= Vincent Makori =

Vincent Makori is a Media Executive and Television Managing Editor at Voice of America. He is also host of VOA’s flagship weekly current-affairs program Straight Talk Africa; VOA’s English television live news magazine show that is broadcast daily from Washington D.C., bringing information about Africa, the United States, and the world to viewers across Africa.

Africa 54 features news, interviews with newsmakers, analysts, American and African government officials and everyday citizens presenting a variety of opinions on issues affecting the African continent.

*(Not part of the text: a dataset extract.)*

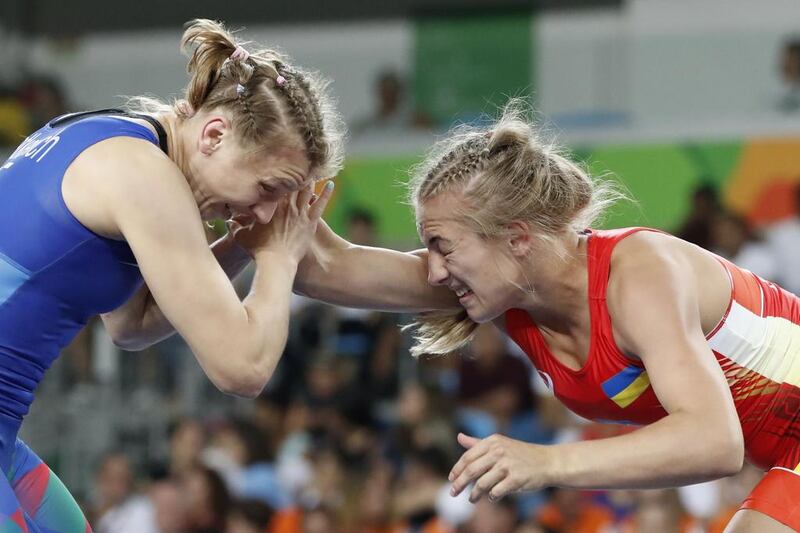 Ukraine’s Oksana Herhel (red) competes with Azerbaijan’s Yuliya Ratkevich (blue) during her women’s wrestling 58kg freestyle qualification match. Jack Guez / AFP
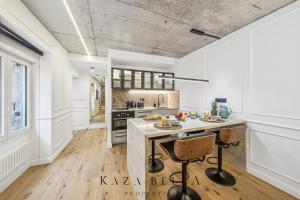 una cocina con paredes blancas y una gran isla con taburetes. en KAZA BELLA - Malakoff, en Malakoff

Before joining the Voice of America, Vincent Makori was an Editor and on-air talent with Germany's international broadcasting agency, Deutsche Welle in Cologne. He joined Deutsche Welle in 1998 after having worked as a reporter, News Editor, anchor and talk show host with Kenya Broadcasting Corporation television and radio. As a reporter, Vincent interviewed then president George W. Bush in 2003 and thereafter travelled with the president and the White House press corps on a five nation trip to Africa. Vincent has also interviewed a number of sitting and former African presidents including then president of Ghana, John Kufuor; Hifikepunye Pohamba of Namibia; Bingu wa Mutharika of Malawi along with prominent scholars, celebrities and experts of various fields.

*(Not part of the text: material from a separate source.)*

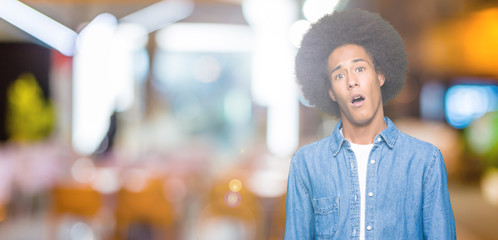 Young african american man with afro hair In shock face, looking skeptical and sarcastic, surprised...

== Early life and education ==
Makori was born in Kenya and grew up in the capital city of Nairobi and the coastal city of Mombasa. He earned a bachelor’s degree in English Literature from Moi University in Eldoret, Kenya, and went on to receive a postgraduate diploma in Mass Communication from the University of Nairobi. He has attended multiple professional journalism programs and has trained in Kenya, Germany, and the United States, strengthening his expertise in international reporting and media production.

==Career==
Makori began his broadcasting career at the Kenya Broadcasting Corporation (KBC), where he worked for four years as a reporter, editor, anchor, and talk show host. At KBC, he anchored prime news and hosted two prime-time live television programs: Face to Face and the current-affairs show Mambo Leo.

In 1998, he joined Deutsche Welle in Cologne, Germany, serving as an editor, producer, and on-air broadcaster. During his tenure, he trained in Advanced Economic Reporting and Digital Audio Production, building a foundation for explaining complex global policy, business, and political issues.

Makori joined the Voice of America in 2001, moving to Washington, D.C. He advanced through multiple roles—including international broadcaster and multimedia production specialist—before being appointed Managing Editor of Television. In this role, he leads editorial strategy for VOA’s English-language TV programming, oversees newsroom operations across time zones, manages international correspondents, and spearheads VOA’s digital and visual storytelling initiatives. He has also anchored and produced major interviews and live coverage across global platforms.

As host of Straight Talk Africa, Makori guides in-depth discussions on politics, governance, business, health, and social issues impacting the African continent, featuring policymakers, experts, and civic voices.

==Notable reporting and interviews==

- U.S. Republican and Democratic National Conventions and multiple African presidential elections.

- President George W. Bush’s five-nation tour of Africa (2003), during which he interviewed the U.S. President and traveled with the White House press corps.

- John Kerry – U.S. Sec. of State in 2014.

- The African Union Summit in Lusaka, Zambia.

- The United Nations General Assembly in New York.

- International Trade and Technology Fairs in Berlin and Hanover, Germany.

- The International AIDS Conference in Mexico City.

- The G-20 Summit in Pittsburgh, Pennsylvania.

He has also conducted exclusive interviews with numerous world leaders and public figures, including African heads of state, U.S. Secretary of State John Kerry, and world-renowned scientist and inventor Dr. Thomas Mensah, the first Black person to receive seven U.S. patents in six years.

==Leadership and contributions==
Makori is credited with helping transform VOA’s daily TV program Africa 54, expanding its reach, digital presence, and editorial relevance. He has co-produced impactful reporting collaborations with media affiliates in Zambia, Malawi, and Zimbabwe, focusing on issues such as drought, technology, and education. Beyond broadcasting, Vincent is also a moderator, public speaker, media trainer, and mentor, supporting the development of emerging journalists across continents.

==Awards==
Makori is a recipient of numerous awards, among them are the BBG Gold Medal Award and VOA's Superior Accomplishment Award.